● BRIEF: Give again, exactly and without pictures, the lines running from the line with "Direct Drive Turntable System SL1000RES" to the end of the records below.

-=-=-=-=-

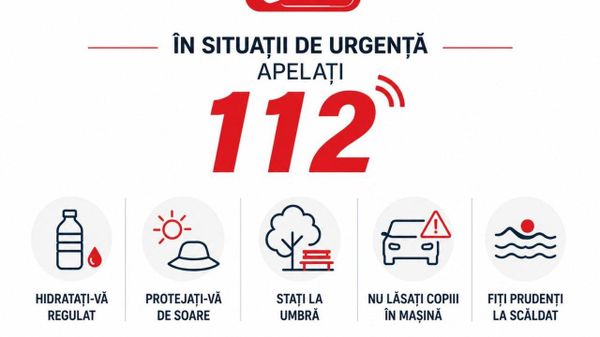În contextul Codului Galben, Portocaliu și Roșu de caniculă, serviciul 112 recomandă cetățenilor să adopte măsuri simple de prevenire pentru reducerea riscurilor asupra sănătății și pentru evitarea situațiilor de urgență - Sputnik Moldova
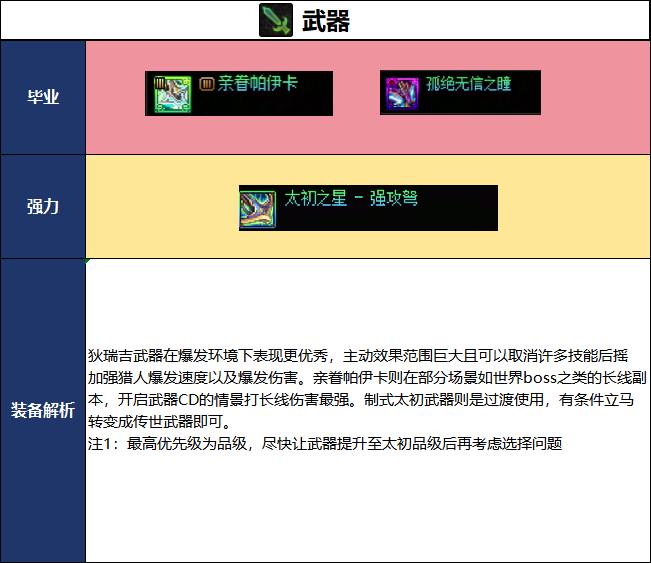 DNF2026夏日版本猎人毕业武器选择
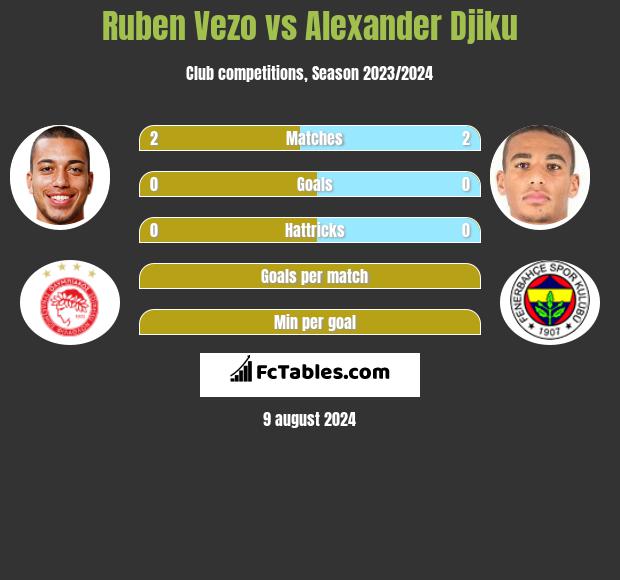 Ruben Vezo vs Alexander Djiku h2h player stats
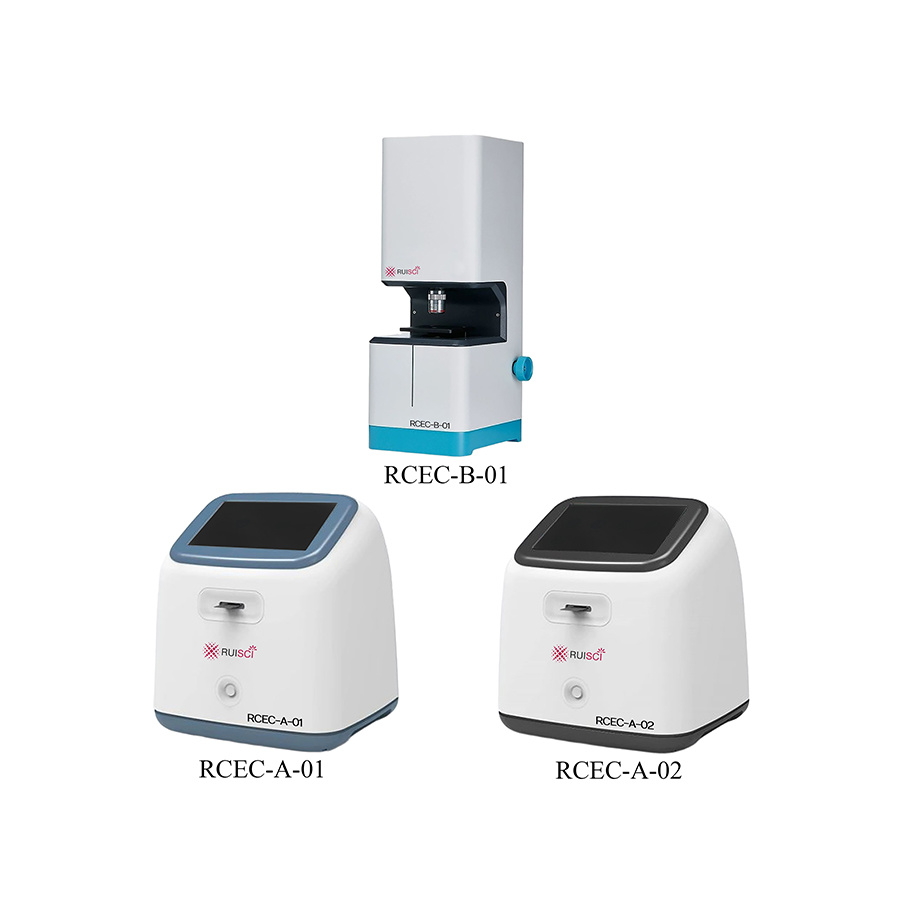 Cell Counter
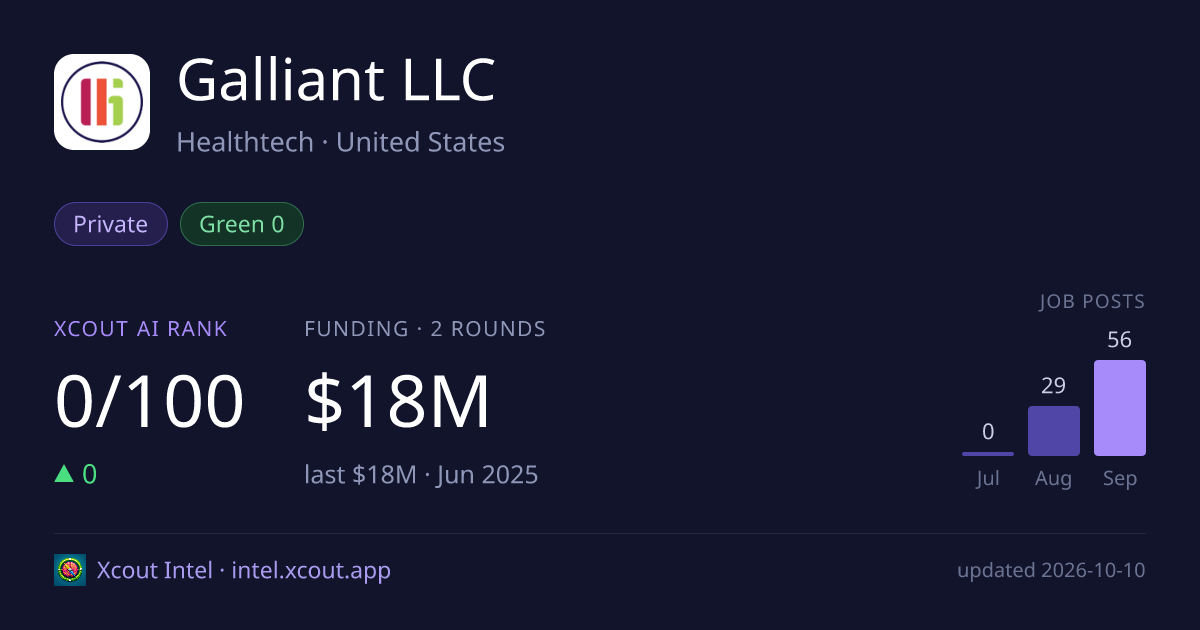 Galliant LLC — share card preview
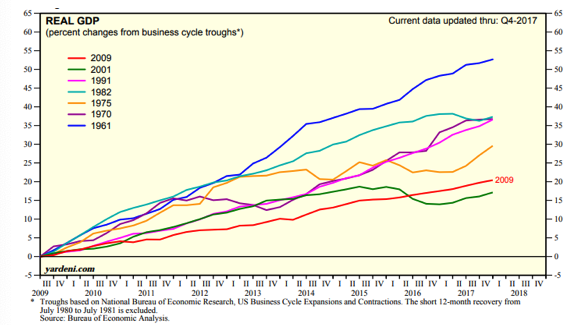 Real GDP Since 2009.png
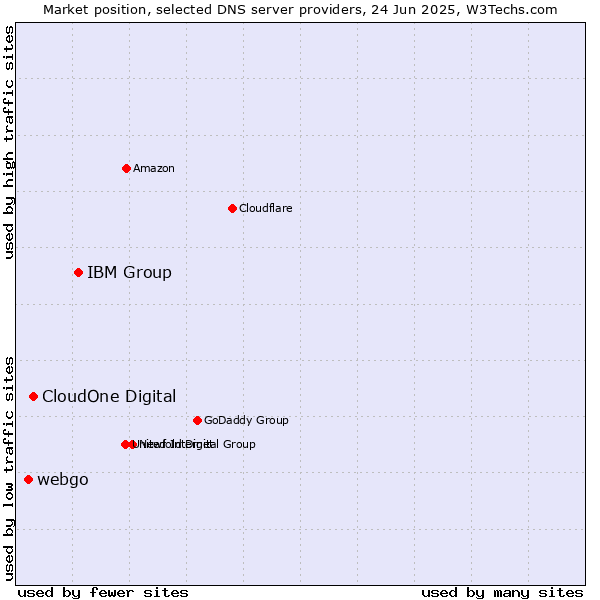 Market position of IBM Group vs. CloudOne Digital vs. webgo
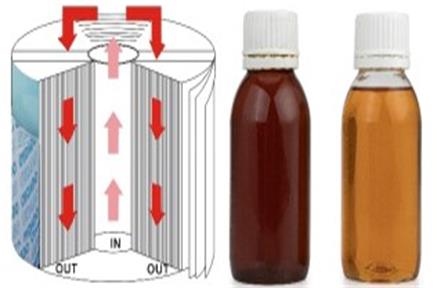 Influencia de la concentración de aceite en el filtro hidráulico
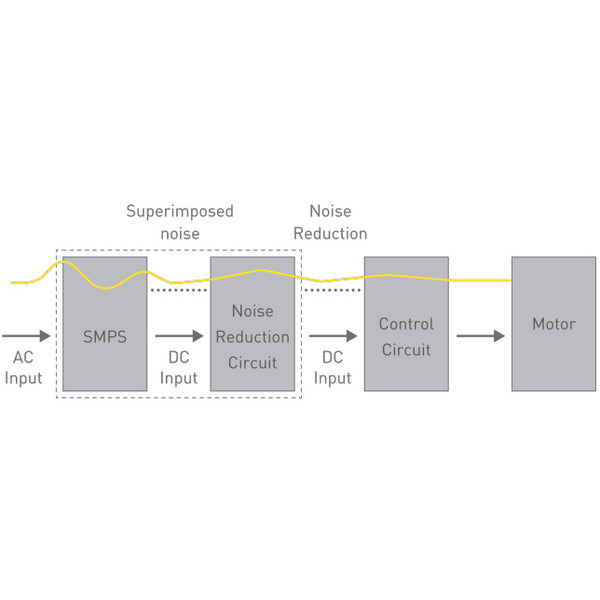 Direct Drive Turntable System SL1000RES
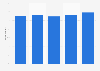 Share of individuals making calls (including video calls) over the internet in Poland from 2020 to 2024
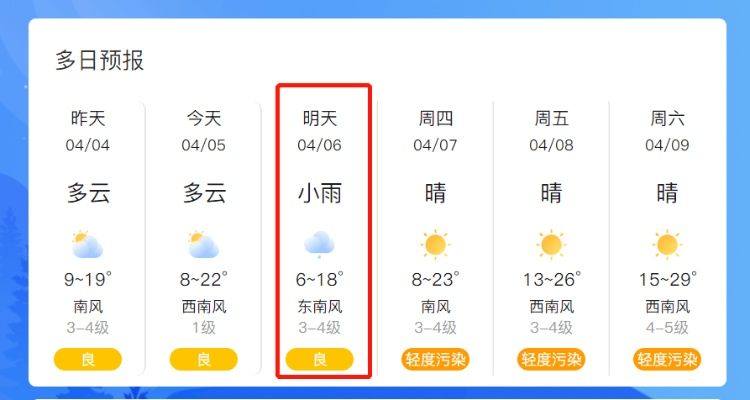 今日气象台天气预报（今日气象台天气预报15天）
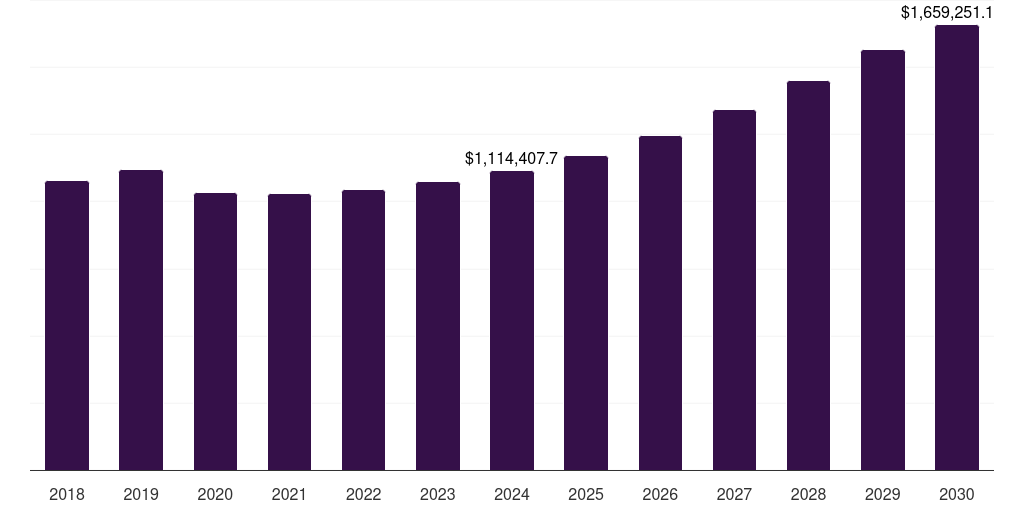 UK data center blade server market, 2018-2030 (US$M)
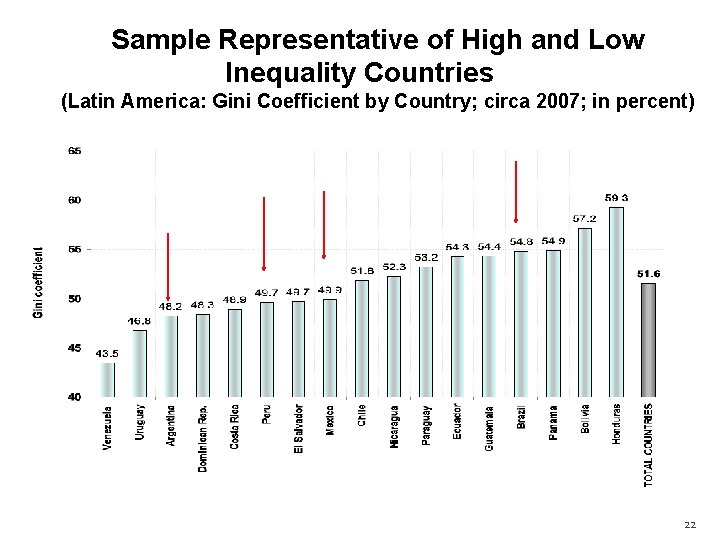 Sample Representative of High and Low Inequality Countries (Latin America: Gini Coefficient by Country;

-=-=-=-=-

● WRITTEN RESPONSE:
 Direct Drive Turntable System SL1000RES
 Share of individuals making calls (including video calls) over the internet in Poland from 2020 to 2024
 今日气象台天气预报（今日气象台天气预报15天）
 UK data center blade server market, 2018-2030 (US$M)
 Sample Representative of High and Low Inequality Countries (Latin America: Gini Coefficient by Country;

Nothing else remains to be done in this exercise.